I still remember the smell of the wada. If you enter the kitchen first, there used to be this strong oil fragrance, which used to come form the temple lamp and then smell of rice and dal cooking in the kitchen. In the small corridor there used to be people, preparing prashad for the temple. The first thing I used to eat as I enter was coconut and sugar, which always had a smell of oil on it. There used to be a man outside the temple, selling flowers and different other things for devotees. The smell of flowers, oil and Prasad had a unique characteristic. I never believed in god, but I would like to say it was indeed a smell of god.
Temple had shani’s idol, dark black colored idol with two white eyes starring at you, always overflowing with flowers, coconut, sugar and coins. There was huge white box in front of it, for donation, I always wondered about the owner of that box. There was a bell on top of the box, every evening it used to ring continuously till the dinnertime. I always felt bad for the shani, as the temple had metal bars on two sides and it almost use to feel like a jail. I remember sitting there and drawing in the noontime, when it use to be empty.
After school as I use to enter the house, Panji aaji (great grandmother) would ask me to wash hands and then used to serve me lunch. I would never forget the taste of varan bhaat (dal rice) she used to make. Dal used to be little sweet and thick, she used to mixed it properly with rice and squeeze a lemon on top. Then she would put little salt and pickle in the side. Sometimes she used to serve curd rice along with lemon pickle. I still get craving for it sometimes. In summer vacations after lunch I used to go to watch a children play with lila aaji. There was a small theatre near by the wada. This place was full of positive energy and rich family history. My mother, her elder brother and all her cousins stayed in this place. They finished their education and many other got married in the same house.

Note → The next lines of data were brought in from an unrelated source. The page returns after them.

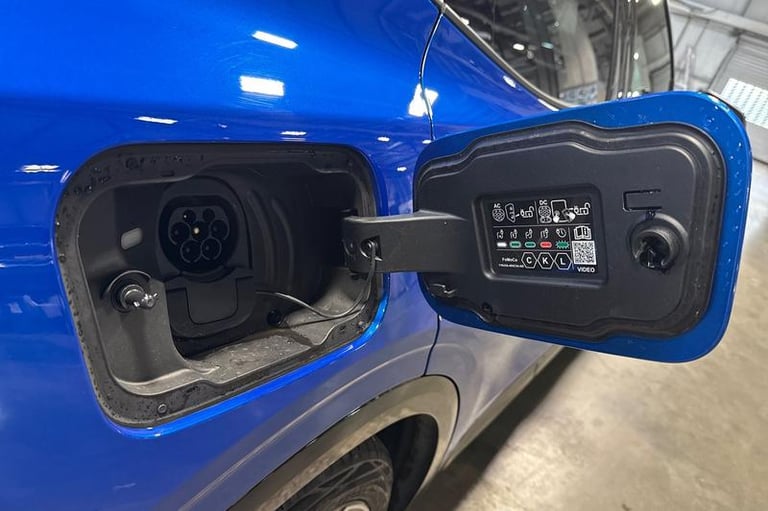 2024 Ford Capri 250kW Premium 79kWh AWD 5dr Auto HATCHBACK ELECTRIC Automatic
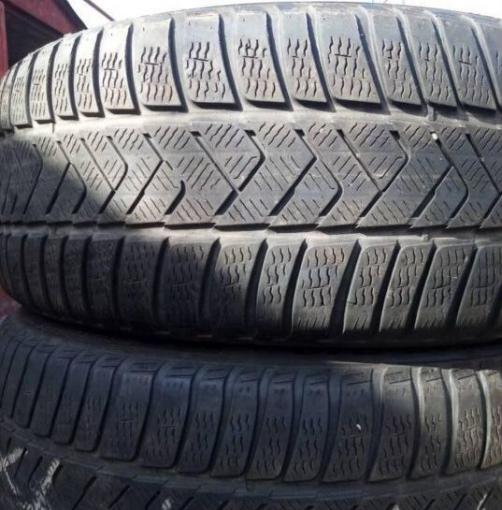 Pirelli Winter Sottozero 3 225/60 R17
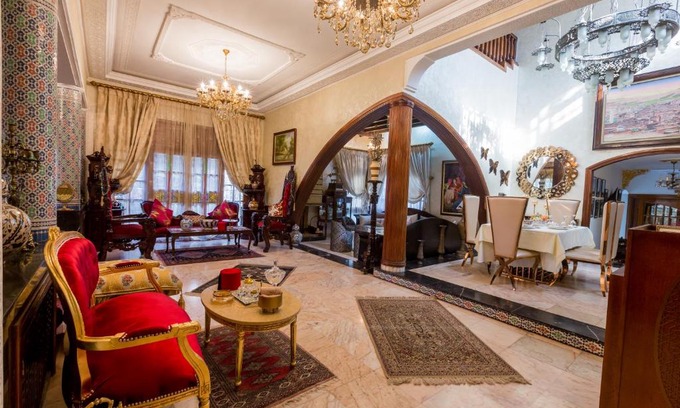 Ville Nouvelle House | Riad Sebti Fès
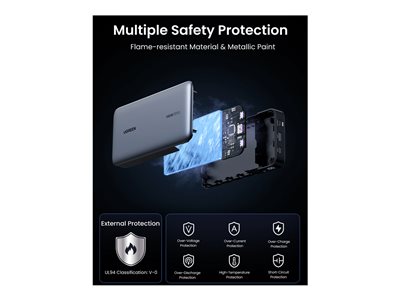 UGREEN PB205 25K 145W Powerbank 2C1A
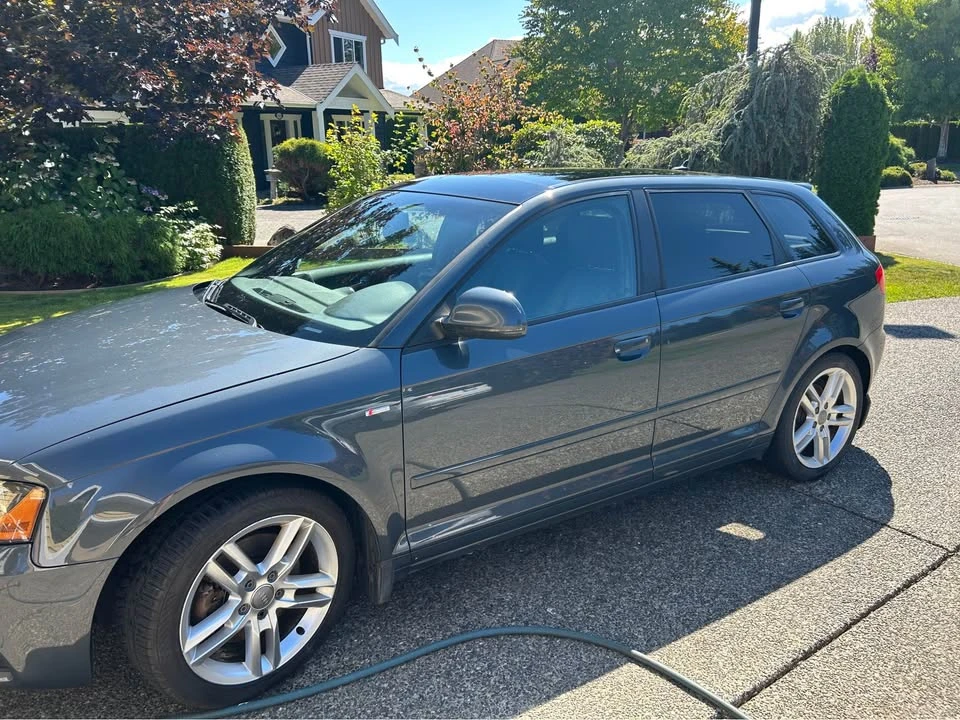2009 Audi 8P A3 - Image 8 of 9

The house has a huge veranda. And there were other houses surrounding it. Our modern idea of family is so restricted that everything is personal in it, there is no feel of family to it anymore. But in our wada it wasn’t like that. All families staying in the wada were part of one big family, though they weren’t related to each other directly. I remember as a kid I used to go with my mother for ‘mangala gauri’ where all the ladies in the wada would come and play different games and sing songs whole night. We will celebrate all festivals together. But when I was in secondary school, everyone shifted in apartments and my great grandmother started staying with my grandmother in a bungalow in warje. And everything stopped, I dnt have any memory of family functions other than occasional ‘kojagiri pornima’ nights.
Once for my history class I asked Panji aaji about her memories of freedom struggle. Now I remember it vaguely, but she mentioned about my great grandfather staying in Lahore and after partition shifting to Pune. She also told me about her meeting with Vir Sawarkar, when he returned to india after running away from the British custody. My grand mother was one of the ladies who welcomed him with flowers and aarti.
Now the whole chapter of history is vanished, memories are erased, untold, unanswered. Last time I met panji aaji was in December. She could hardly remember anything or anyone, but her past memories were coming back and she used to sing about Pandharpur , about how it is going to drown soon. And then she will cry like a small kid, as if she had her own world of memories following her. It wasn’t easy to see her in that stage. She had always been very healthy, only past three year she was on constant bed rest. I think she was the luckiest mother to have daughter like Lila aaji. Who took care of her, like a child for past 10 years and stayed there with her until today.
No one knows panji aaji’s age; she should be more than 90 years old. She had seen the whole world around her change from the british rule till todays so called developing India. She has been witness of almost four generations.
Today as she is not here, I am sitting here in Bangalore and these memories are coming back to me as if it was yesterday that I used to listen to her stories and visit her as a child. Now in this summer when I will go back to pune there will be a vacant bed in the hall, but I am sure she will be present through, her aroma, her words which are echoing in my mind and her belongings. She will be waiting there to meet me.